La Sherbrookoise a connu un parcours difficile avant d'arriver en Corée du Sud. Elle a pris une pause de son sport lors de la saison 2015-2016 pour guérir une blessure au dos, mais aussi pour améliorer sa préparation mentale. À son retour, elle a gagné une première épreuve individuelle sur le circuit de la Coupe du monde en 2016-2017, puis a brillé l'automne dernier avant de marquer l'imaginaire aux Jeux olympiques.

« Kim, c'est quelqu'un qui a besoin d'un plan, a expliqué Abejean, qui a aussi travaillé depuis 2008 avec les olympiens canadiens en plongeon, en judo et en surf des neiges, entre autres. Un plan, c'est bien, mais c'est restrictif. Si on sort du plan, qu'est-ce qu'on fait? C'est pour ça que nous avons travaillé sur sa capacité d'adaptation. »

Concrètement, Abejean a donné des outils à Boutin pour contrôler ses émotions autant dans une course qu'entre les courses. Il s'agit autant d'un travail d'imagerie – de simulation de situations de stress – que d'un travail de contrôle de la respiration.

« L'émotion, elle doit la reconnaître, apprendre à la gérer, puis l'accepter, pour qu'elle se reconcentre sur le travail à faire », a expliqué celui qui a déjà joué au soccer professionnel en France pendant deux saisons, ainsi qu'avec les Carabins de l'Université de Montréal.

Boutin a su bien assimiler les enseignements d'Abejean, qui détient des maîtrises dans le domaine de la psychologie sportive de l'Université de Toulouse et de l'Université de Montréal. C'est en partie grâce à ses conseils qu'elle a su tourner la page après qu'elle eut été victime de harcèlement en ligne à la suite de sa première médaille olympique, quand des partisans sud-coréens l'ont blâmée pour la disqualification d'une rivale.

« Au début de sa journée de compétition suivante, c'était difficile, a raconté Abejean.

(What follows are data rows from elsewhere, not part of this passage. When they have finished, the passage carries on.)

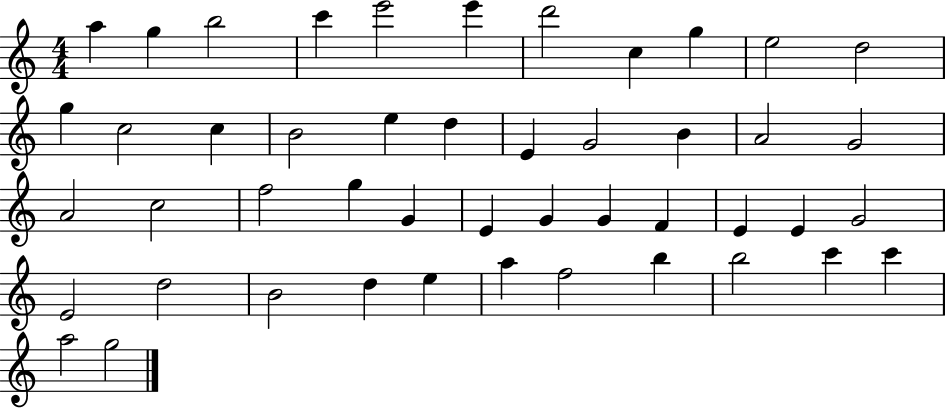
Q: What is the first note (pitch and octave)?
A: A5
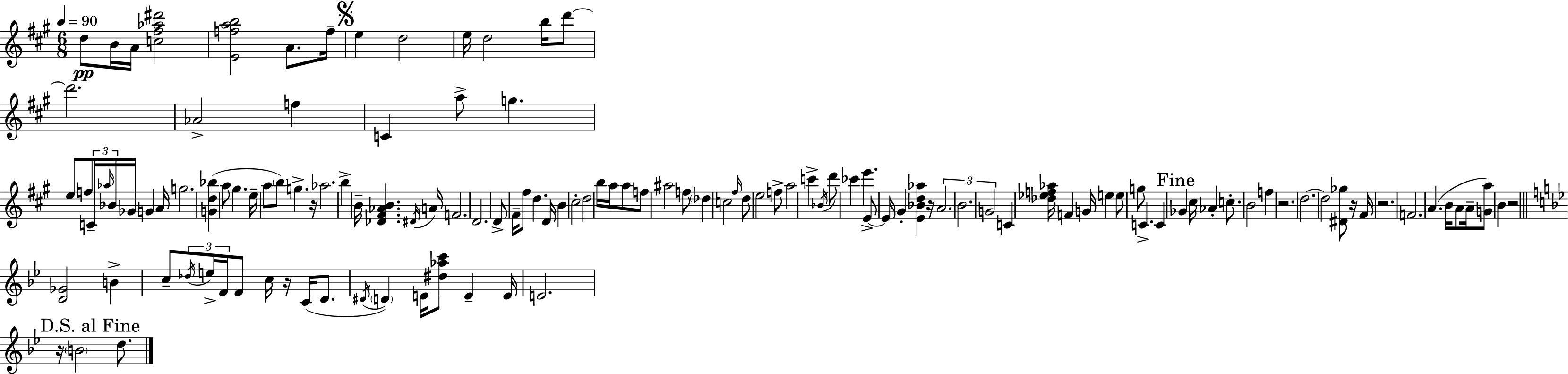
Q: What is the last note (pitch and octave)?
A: D5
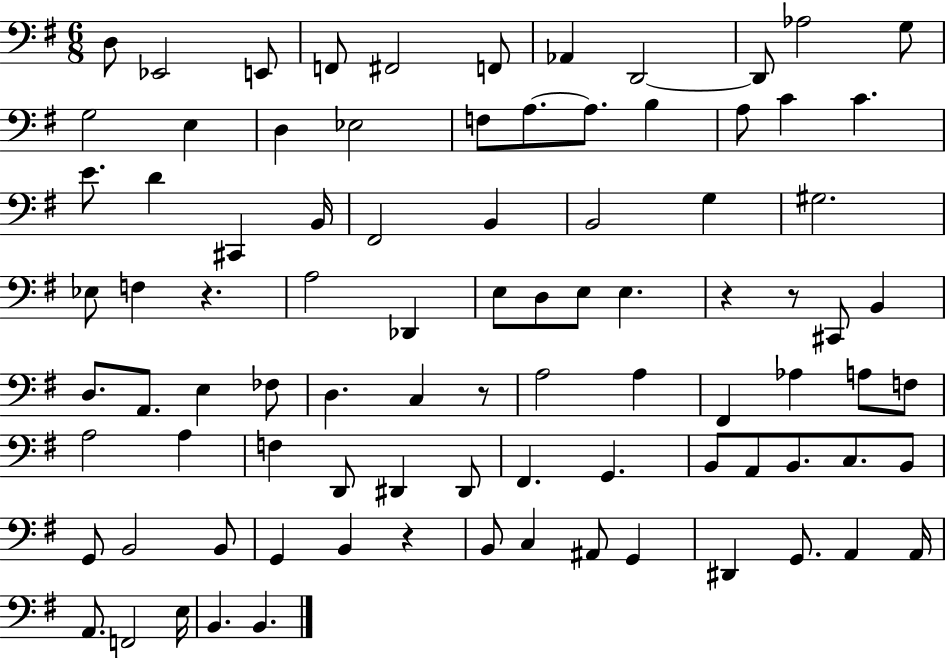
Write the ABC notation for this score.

X:1
T:Untitled
M:6/8
L:1/4
K:G
D,/2 _E,,2 E,,/2 F,,/2 ^F,,2 F,,/2 _A,, D,,2 D,,/2 _A,2 G,/2 G,2 E, D, _E,2 F,/2 A,/2 A,/2 B, A,/2 C C E/2 D ^C,, B,,/4 ^F,,2 B,, B,,2 G, ^G,2 _E,/2 F, z A,2 _D,, E,/2 D,/2 E,/2 E, z z/2 ^C,,/2 B,, D,/2 A,,/2 E, _F,/2 D, C, z/2 A,2 A, ^F,, _A, A,/2 F,/2 A,2 A, F, D,,/2 ^D,, ^D,,/2 ^F,, G,, B,,/2 A,,/2 B,,/2 C,/2 B,,/2 G,,/2 B,,2 B,,/2 G,, B,, z B,,/2 C, ^A,,/2 G,, ^D,, G,,/2 A,, A,,/4 A,,/2 F,,2 E,/4 B,, B,,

Son retour à l'aréna a occasionné beaucoup d'émotions. Mais les outils que nous avons utilisés ont été faciles à mettre en place et en l'espace de cinq minutes, la perspective avait été complètement changée pour qu'elle puisse être en mesure de bien courir.

« Ses coéquipiers ont aussi été fantastiques. Ils se sont réunis et ils l'ont aidée. Ils lui ont parlé. C'est aussi grâce à eux qu'elle a commencé à rebondir et à se reconstruire mentalement pour le reste des Jeux. »

Boutin sera donc sereine, peu importe les résultats au cours de la fin de semaine. Et ce sera la même chose pour sa coéquipière Marianne St-Gelais, même si cette dernière se retrouvera dans une situation différente et nouvelle malgré ses 28 ans.

Après un parcours ponctué de trois médailles olympiques d'argent, St-Gelais en sera à sa dernière compétition en carrière. La patineuse de Saint-Félicien s'attend à vivre de grandes émotions, mais Abejean la prépare pour ce moment depuis longtemps.

« Jusqu'à un certain point, un trop-plein d'émotions, ce n'est pas grave, a noté Abejean. Parfois, mettre des limitations à la façon de vivre un obstacle, ça crée un stress ou de l'anxiété. Dans un moment d'intensité comme ça, on ne contrôle pas ce qui va arriver. Il est mieux de se préparer à vivre quelque chose d'extraordinaire et de se laisser le vivre, plutôt que de créer une anxiété en devant le vivre d'une certaine façon.

« C'était le plan aux Jeux olympiques et Marianne était d'accord pour suivre le même plan jusqu'aux Mondiaux. »

Encore une fois, il y a eu un travail d'imagerie pour anticiper le moment. Mais Abejean espère voir un travail de longue haleine rapporter des dividendes.

« Au cours des trois dernières années, nous avons beaucoup travaillé pour séparer l'athlète de la personne, a-t-il expliqué. Aujourd'hui, l'athlète donne tout sur la glace et peu importe le résultat, la personne reste équilibrée. Ça permet à Marianne d'aborder ce moment de manière sereine parce qu'elle sait que la personne va continuer sa vie et bénéficier de ses expériences comme athlète. »

Elle pourra ainsi accrocher ses patins en sachant que Boutin est prête à prendre la relève.